We still haven't addressed the issue of why other strategies raise segmentation fault error at runtime in unit tests. I saw the logs in here: http://jenkins.named-data.net/job/NFD/OS=Ubuntu-16.04-64bit/6857/console

Not fully understanding the reason. But what I can see, seems like buggy Address is being set.


Address 0x7f1dd52ef880 is located in stack of thread T0 at offset 0 in frame

SUMMARY: AddressSanitizer: stack-use-after-return /usr/include/boost/asio/detail/thread_info_base.hpp:45 boost::asio::detail::thread_info_base::allocate(boost::asio::detail::thread_info_base*, unsigned long)
Shadow bytes around the buggy address:
0x0fe43aa55ec0: f5 f5 f5 f5 f5 f5 f5 f5 f5 f5 f5 f5 00 00 00 00
0x0fe43aa55ed0: f5 f5 f5 f5 f5 f5 f5 f5 f5 f5 f5 f5 00 00 00 00
0x0fe43aa55ee0: f5 f5 f5 f5 f5 f5 f5 f5 f5 f5 f5 f5 00 00 00 00
0x0fe43aa55ef0: f5 f5 f5 f5 f5 f5 f5 f5 f5 f5 f5 f5 00 00 00 00
0x0fe43aa55f00: f5 f5 f5 f5 f5 f5 f5 f5 f5 f5 f5 f5 00 00 00 00
=>0x0fe43aa55f10:[f5]f5 f5 f5 f5 f5 f5 f5 f5 f5 f5 f5 00 00 00 00
0x0fe43aa55f20: f5 f5 f5 f5 f5 f5 f5 f5 f5 f5 f5 f5 f5 f5 f5 f5
0x0fe43aa55f30: f5 f5 f5 f5 f5 f5 f5 f5 f5 f5 f5 f5 f5 f5 f5 f5
0x0fe43aa55f40: f5 f5 f5 f5 f5 f5 f5 f5 f5 f5 f5 f5 f5 f5 f5 f5
0x0fe43aa55f50: f5 f5 f5 f5 f5 f5 f5 f5 f5 f5 f5 f5 00 00 00 00
0x0fe43aa55f60: f5 f5 f5 f5 f5 f5 f5 f5 f5 f5 f5 f5 00 00 00 00

Actions #20

Updated by Davide Pesavento almost 6 years ago

Junxiao Shi wrote:

For reliability, there are three choices:

  • Create one instance of LpReliability for each endpointId.

This seems to be a good compromise for the time being, and shouldn't be too complicated to implement.

Actions #21

Updated by Md Ashiqur Rahman almost 6 years ago

Davide Pesavento wrote:

Junxiao Shi wrote:

For reliability, there are three choices:

  • Create one instance of LpReliability for each endpointId.

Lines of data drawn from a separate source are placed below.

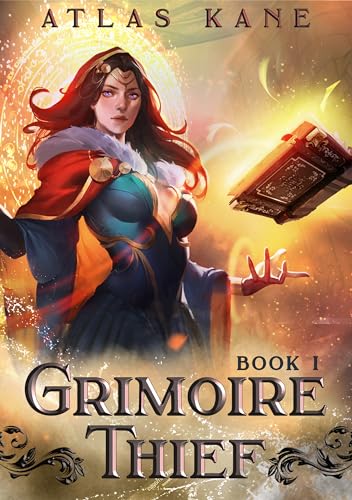 Hero's Gambit (Grimoire Thief Book 1)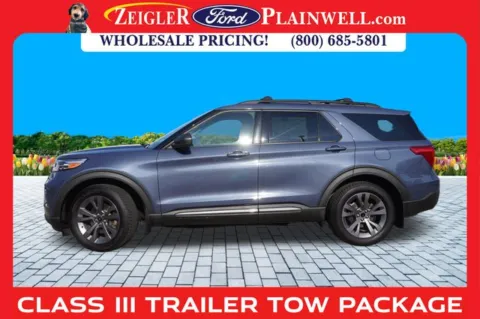 Photos of 2021 Ford Explorer XLT for sale in Plainwell, MI at Zeigler Ford of Plainwell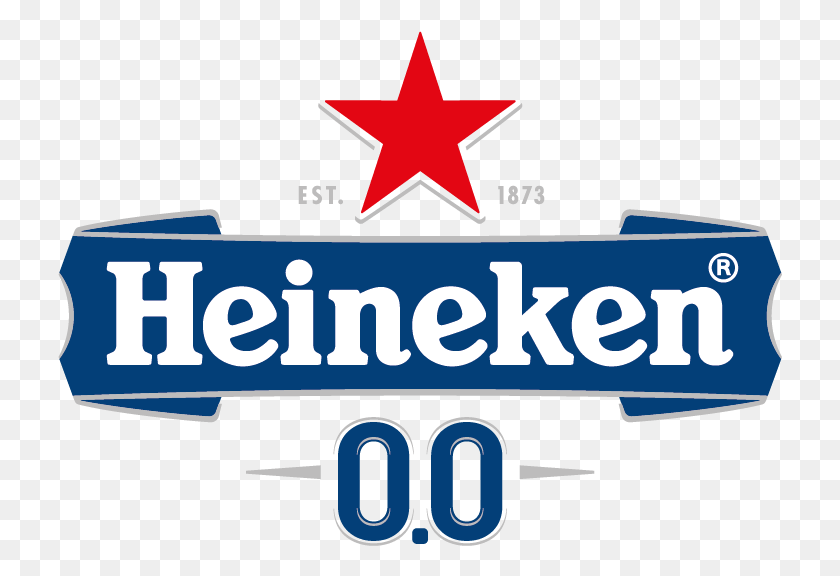 725x516 Heineken 00 Heineken Logo Heineken Alcohol Free Logo, Symbol, Star Symbol, Text HD PNG Download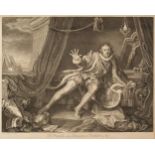 * Cook (Thomas, 1744-1818). Mr Garrick in the Character of Richard the IIId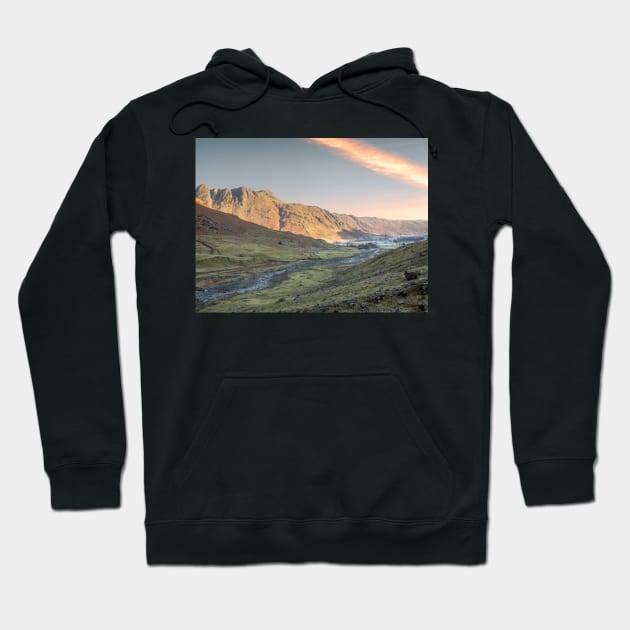 Winter Light Langdale Hoodie by Reg-K-Atkinson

This seems to be a good compromise for the time being, and shouldn't be too complicated to implement.

Does this mean having something similar to a map container for m_reliability to maintain per-endpointId instance?

Actions #22

Updated by Md Ashiqur Rahman over 5 years ago

I am kind of lost here. I understand that an instance of LpReliability can be created with say an std::unordered_map. However, as the LpReliability sends out an Lp packet through the LinkService, with this line in LpReliability::onLpPacketLost(lp::Sequence txSeq) -

m_linkService->sendLpPacket(lp::Packet(newTxFrag.pkt), 0);

This requires to know the EndpointId. If that's the case then LpReliability also needs to be aware of EndpointId. Then why create an LpReliability instance per EndpointId if LpReliability eventually needs to be aware of EndpointId anyway?

Actions #23

Updated by Davide Pesavento over 5 years ago

Md Ashiqur Rahman wrote:

This requires to know the EndpointId.

Yes, each instance of LpReliability knows its own EndpointId. It's effectively a constant within each LpReliability instance.

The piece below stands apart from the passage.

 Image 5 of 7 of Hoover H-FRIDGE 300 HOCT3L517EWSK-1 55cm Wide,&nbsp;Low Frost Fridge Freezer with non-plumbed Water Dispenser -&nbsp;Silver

Alternatively, GenericLinkService can supply a callback to LpReliability's constructor that LpReliability uses instead of calling sendLpPacket(). In this case, the EndpointId is already bound to the callback, so LpReliability doesn't need to know its EndpointId at all. However, this approach is slightly less performant because it involves an std::function.

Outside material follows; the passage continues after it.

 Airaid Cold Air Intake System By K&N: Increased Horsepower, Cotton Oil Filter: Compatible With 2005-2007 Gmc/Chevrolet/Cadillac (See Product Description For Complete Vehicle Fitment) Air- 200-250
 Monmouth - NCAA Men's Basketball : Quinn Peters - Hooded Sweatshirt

If that's the case then LpReliability also needs to be aware of EndpointId.

No, that doesn't mean "being aware of EndpointId". LpReliability blindly passes the provided EndpointId along to the functions that need it, but other than that, no LpReliability logic depends on EndpointId.

Of course you're always free to choose option 2 of note-18, if you think that's easier to implement for you.

Actions #24

Updated by Md Ashiqur Rahman over 5 years ago

I think this is more like a c++ question:
I'm using this for per EndpointId instance of LpReliability in GenericLinkService:

std::unordered_map<EndpointId, LpReliability> m_reliability;

But how should I initialize an instance of LpReliability for an EndpointId? Currently, I am looking to do this:

m_reliability[endpointId] = LpReliability(m_options.reliabilityOptions, this);

However, it's definitely not going to work as LpReliability and also LinkService is noncopyable.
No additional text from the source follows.